CoCalc -- external_analysis.rst

GitHub Repository: yt-project/yt
Path: blob/main/doc/source/developing/external_analysis.rst
⁹²⁸ views
.. _external-analysis-tools:

Using yt with External Analysis Tools
=====================================

yt can be used as a ``glue`` code between simulation data and other methods of
analyzing data.  Its facilities for understanding units, disk IO and data
selection set it up ideally to use other mechanisms for analyzing, processing
and visualizing data.

Calling External Python Codes
-----------------------------

Calling external Python codes very straightforward.  For instance, if you had a
Python code that accepted a set of structured meshes and then post-processed
them to apply radiative feedback, one could imagine calling it directly:

.. code-block:: python

   import radtrans

   import yt

   ds = yt.load("DD0010/DD0010")
   rt_grids = []

   for grid in ds.index.grids:
       rt_grid = radtrans.RegularBox(
           grid.LeftEdge,
           grid.RightEdge,
           grid["density"],
           grid["temperature"],
           grid["metallicity"],
       )
       rt_grids.append(rt_grid)
       grid.clear_data()

   radtrans.process(rt_grids)

Or if you wanted to run a population synthesis module on a set of star
particles (and you could fit them all into memory) it might look something like
this:

.. code-block:: python

   import pop_synthesis

   import yt

   ds = yt.load("DD0010/DD0010")
   ad = ds.all_data()
   star_masses = ad["StarMassMsun"]
   star_metals = ad["StarMetals"]

   pop_synthesis.CalculateSED(star_masses, star_metals)
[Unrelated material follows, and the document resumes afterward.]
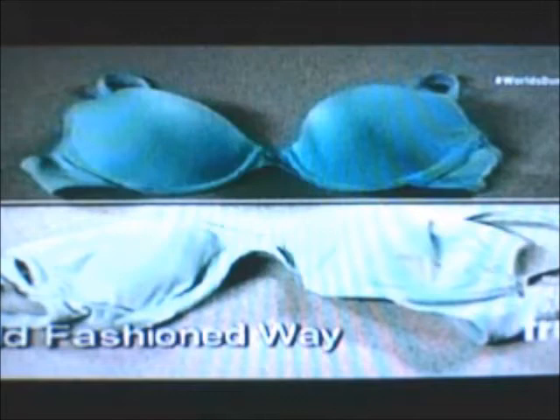Traditional washing and drying ruined this bra, leaving it lumpy and creased. But the Bra Baby bra looks as good as new.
If you have a code that's written in Python that you are having trouble getting
data into from yt, please feel encouraged to email the users list and we'll
help out.

Calling Non-Python External Codes
---------------------------------

Independent of its ability to process, analyze and visualize data, yt can also
serve as a mechanism for reading and selecting simulation data.  In this way,
it can be used to supply data to an external analysis routine written in
Fortran, C or C++.  This document describes how to supply that data, using the
example of a simple code that calculates the best axes that describe a
distribution of particles as a starting point.  (The underlying method is left
as an exercise for the reader; we're only currently interested in the function
specification and structs.)

If you have written a piece of code that performs some analysis function, and
you would like to include it in the base distribution of yt, we would be happy
to do so; drop us a line or see :ref:`contributing-code` for more information.
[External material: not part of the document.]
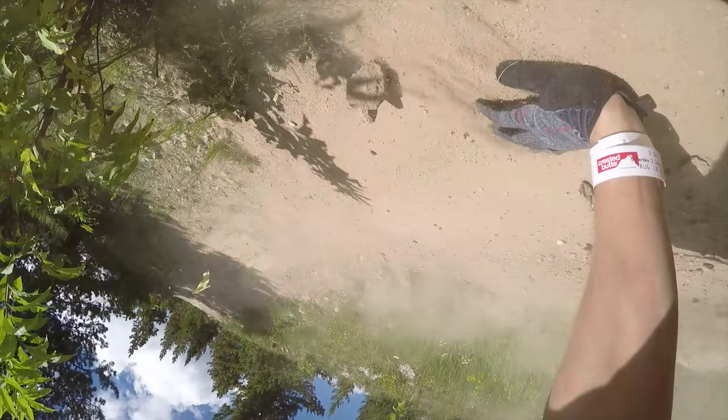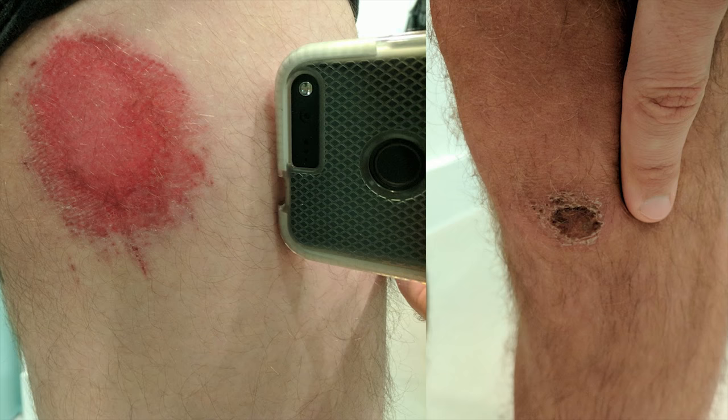I landed simultaneously on my left knee and on my hip, and both dragged on the ground a bit. You can tell in the pictures that my unpadded hip took a significant impact compared to what my knee took. They both got scraped, but my knee — which is a lot more delicate — had only a minor injury. The knee scrape healed in a couple of days, but the hip took about two to three weeks to heal completely because it was such a large area. Just by looking at that you already get a clear indication of the scrape protection difference.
To accomplish the process of linking Python with our external code, we will be
using a language called `Cython <https://cython.org/>`_, which is
essentially a superset of Python that compiles down to C.  It is aware of NumPy
arrays, and it is able to massage data between the interpreted language Python
and C, Fortran or C++.  It will be much easier to utilize routines and analysis
code that have been separated into subroutines that accept data structures, so
we will assume that our halo axis calculator accepts a set of structs.

Our Example Code
++++++++++++++++

Here is the ``axes.h`` file in our imaginary code, which we will then wrap:

.. code-block:: c

   typedef struct structParticleCollection {
        long npart;
        double *xpos;
        double *ypos;
        double *zpos;
   } ParticleCollection;

   void calculate_axes(ParticleCollection *part,
            double *ax1, double *ax2, double *ax3);

There are several components to this analysis routine which we will have to
wrap.

#. We have to wrap the creation of an instance of ``ParticleCollection``.
#. We have to transform a set of NumPy arrays into pointers to doubles.
#. We have to create a set of doubles into which ``calculate_axes`` will be
   placing the values of the axes it calculates.
#. We have to turn the return values back into Python objects.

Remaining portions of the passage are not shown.